The concurring opinion deserves your attention and a full read.  It is my strong hope that the rationale and logic expressed in the concurring opinion is the rationale and logic which will be embraced moving forward by all courts and other bodies dealing with this issue.  If RPC 5.5 could be used to determine that a lawyer “working remotely” is engaged in UPL, then RPC 5.5 applied in that fashion is simply, but plainly, unconstitutional.

The core of the concurring opinion’s analysis is a strong and smart understanding of what such a rule is truly saying:

But when applied to a lawyer who is not practicing Ohio law or appearing in Ohio courts, [RPC] 5.5(b) serves no state interest. Plainly, as applied to such a lawyer, the rule does not further the state’s interest in protecting the integrity of our court system. Jones, and others like her, are not practicing in Ohio courts.

Nor does application of the rule to such lawyers serve the state’s interest in protecting the Ohio public. Jones and others in her situation are not providing services to or holding themselves out as lawyers to the Ohio public.  Jones’s conduct as a lawyer is regulated by the state of Kentucky—the state in
whose forums she appears.

The problem is that unless a specific exception applies, [RPC] 5.5(b)(1) holds one to be engaged in the “unauthorized practice of law” and subject to legal sanction therefor simply because one has established an office or a systematic and continuous presence in the state. The rule deems such a
lawyer to have engaged in the unauthorized practice of law regardless of whether her practice touches on the Ohio public or Ohio courts. In an earlier age, perhaps such a rule made sense. Before the advent of the Internet, electronic communication, and the like, a lawyer who worked in Ohio was almost always
practicing Ohio law. But today that is hardly the case. Any number of lawyers, for any number of reasons, may choose to do their work from Ohio. Yet that does not give Ohio a right to prohibit their conduct.

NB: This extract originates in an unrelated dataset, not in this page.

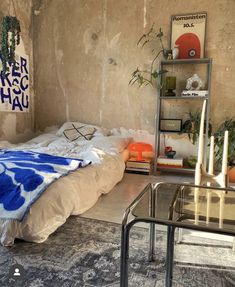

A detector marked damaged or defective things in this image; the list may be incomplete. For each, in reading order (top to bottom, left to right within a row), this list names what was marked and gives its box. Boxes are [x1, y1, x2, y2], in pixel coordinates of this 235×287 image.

cracked plaster wall [0, 0, 34, 144]
cracked plaster wall [33, 0, 235, 137]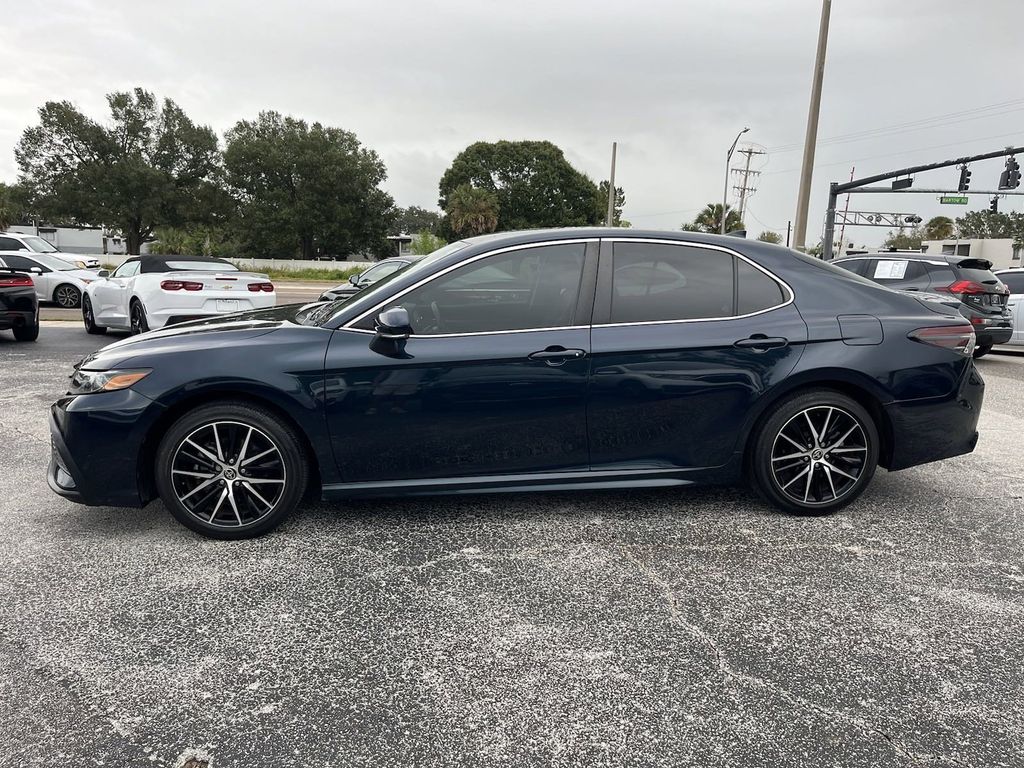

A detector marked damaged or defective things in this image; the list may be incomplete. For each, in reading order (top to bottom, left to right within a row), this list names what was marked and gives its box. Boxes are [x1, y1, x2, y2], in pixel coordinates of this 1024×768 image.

Indeed, imagine what would happen if the rule were strictly enforced. Are we to ban lawyers from setting up a secondary office inside their homes so that they can access their files remotely simply because their homes happen to be in Ohio and their practices in another state? What about a New York attorney who maintains an Ohio vacation home on Lake Erie and is there for several months of the year? Certainly such an attorney has a continuous and systematic
presence in Ohio, but are we really going to say that she has engaged in the unauthorized practice of law because she does New York legal work at her vacation home?

I would conclude that as applied to an out-of-state attorney who is not practicing in Ohio courts or providing Ohio legal services, [RPC] 5.5(b)(1) violates Article I, Section 1 of the Ohio Constitution and the Due Process Clause of the Fourteenth Amendment to the United States Constitution.